- **EXERCISE OBJECTIVE**
The data below should be copied out exactly, with its pictures omitted.
** Opening DATA SHOWN block **
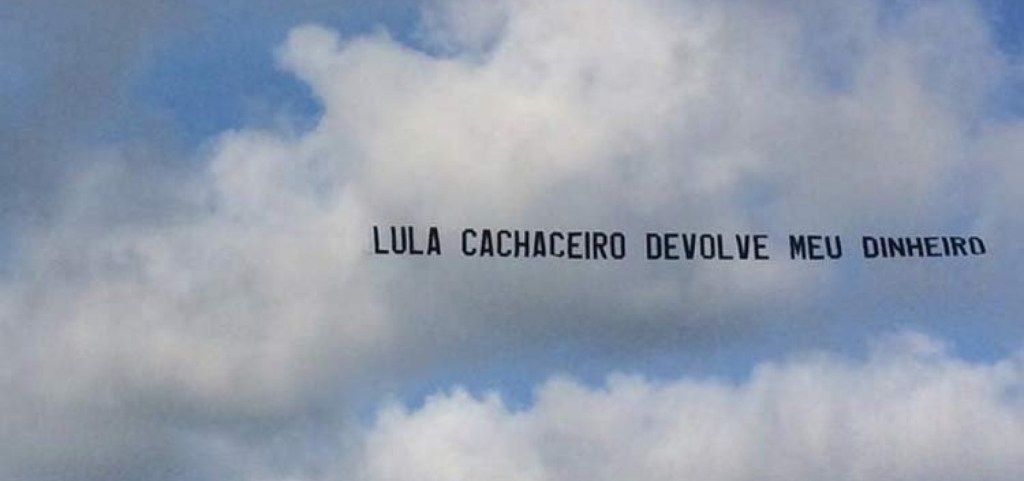 Avião faixa Lula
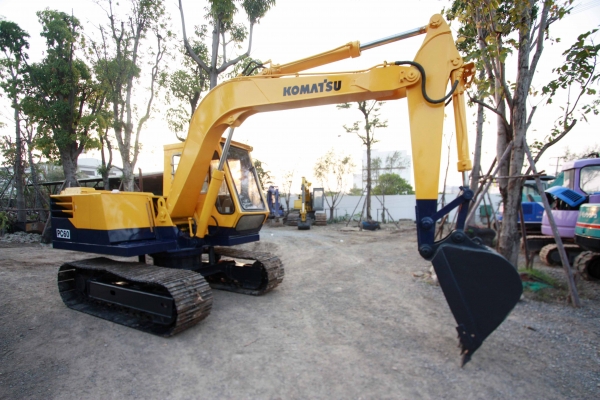 ขายแม็คโค KOMATSU PC60 นำเข้าจากญี่ปุ่น  มี VDO ทดลองขับให้ดู  ติดต่อ 086-775-7900, 086-324-1992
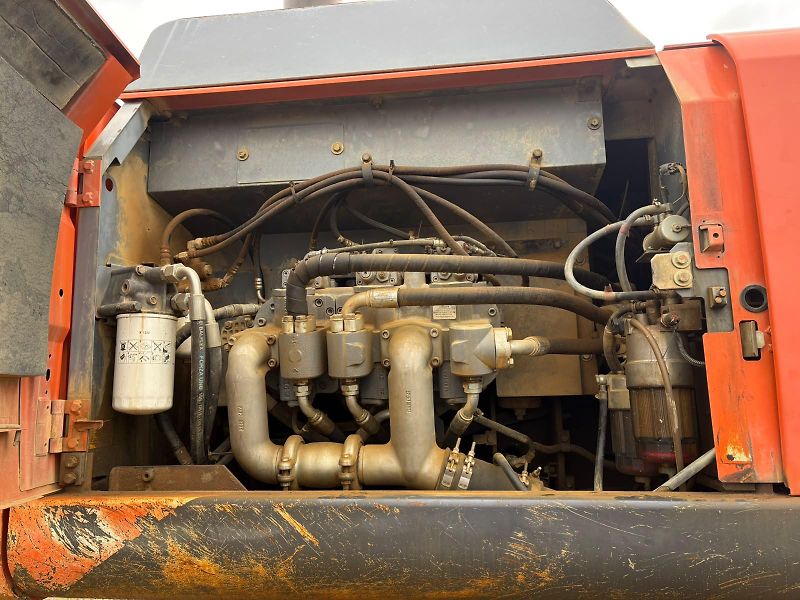 Hitachi (2013) ZX350 LCN-58 - fotka 20 z 28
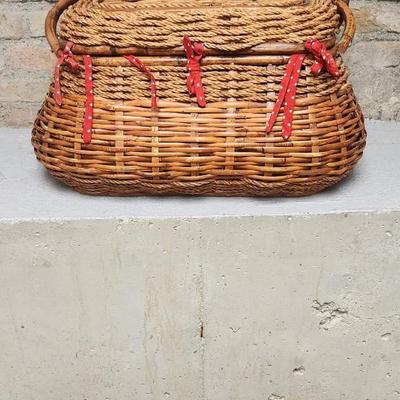 Sale Photo Thumbnail #395: Big picnic basket with plates, bowls, cups tablecloth and napkins...so cute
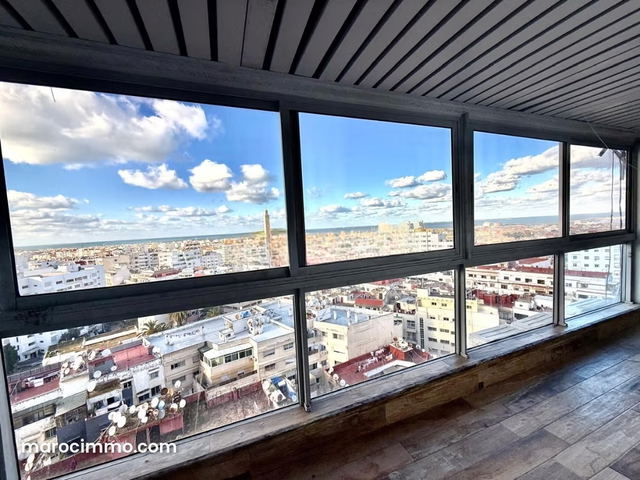 Bureau exclusif étage élevé vue panoramique — الدار البيضاء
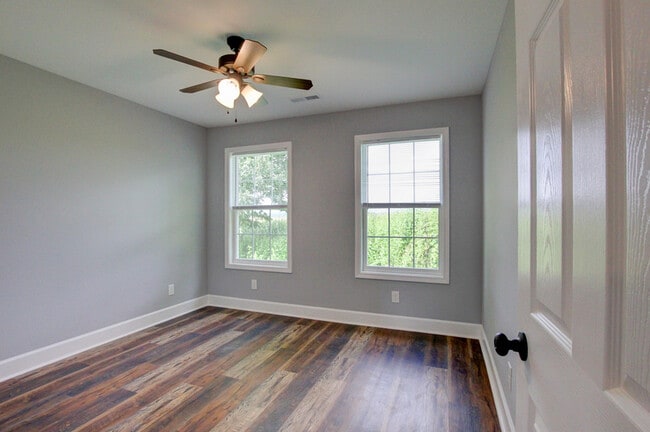 Building Photo - 133 Riverbend Dr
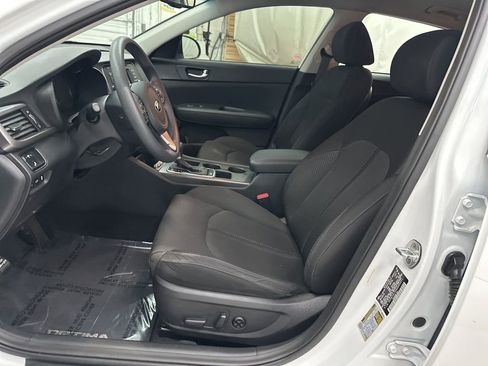 Used 2016 Kia Optima LX w/ LX Convenience Package image 18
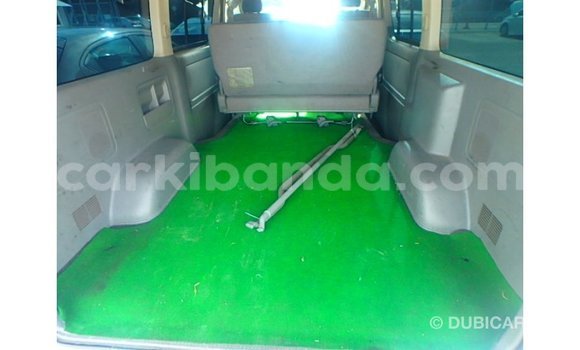 Acheter Import Voiture Toyota Hiace Blanc à Import - Dubai, Ouganda Acheter Import Voiture Toyota Hiace Blanc à Import - Dubai, Ouganda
** Closing DATA SHOWN block **
- **COMPLETED TASK**
 Avião faixa Lula
 ขายแม็คโค KOMATSU PC60 นำเข้าจากญี่ปุ่น  มี VDO ทดลองขับให้ดู  ติดต่อ 086-775-7900, 086-324-1992
 Hitachi (2013) ZX350 LCN-58 - fotka 20 z 28
 Sale Photo Thumbnail #395: Big picnic basket with plates, bowls, cups tablecloth and napkins...so cute
 Bureau exclusif étage élevé vue panoramique — الدار البيضاء
 Building Photo - 133 Riverbend Dr
 Used 2016 Kia Optima LX w/ LX Convenience Package image 18
 Acheter Import Voiture Toyota Hiace Blanc à Import - Dubai, Ouganda Acheter Import Voiture Toyota Hiace Blanc à Import - Dubai, Ouganda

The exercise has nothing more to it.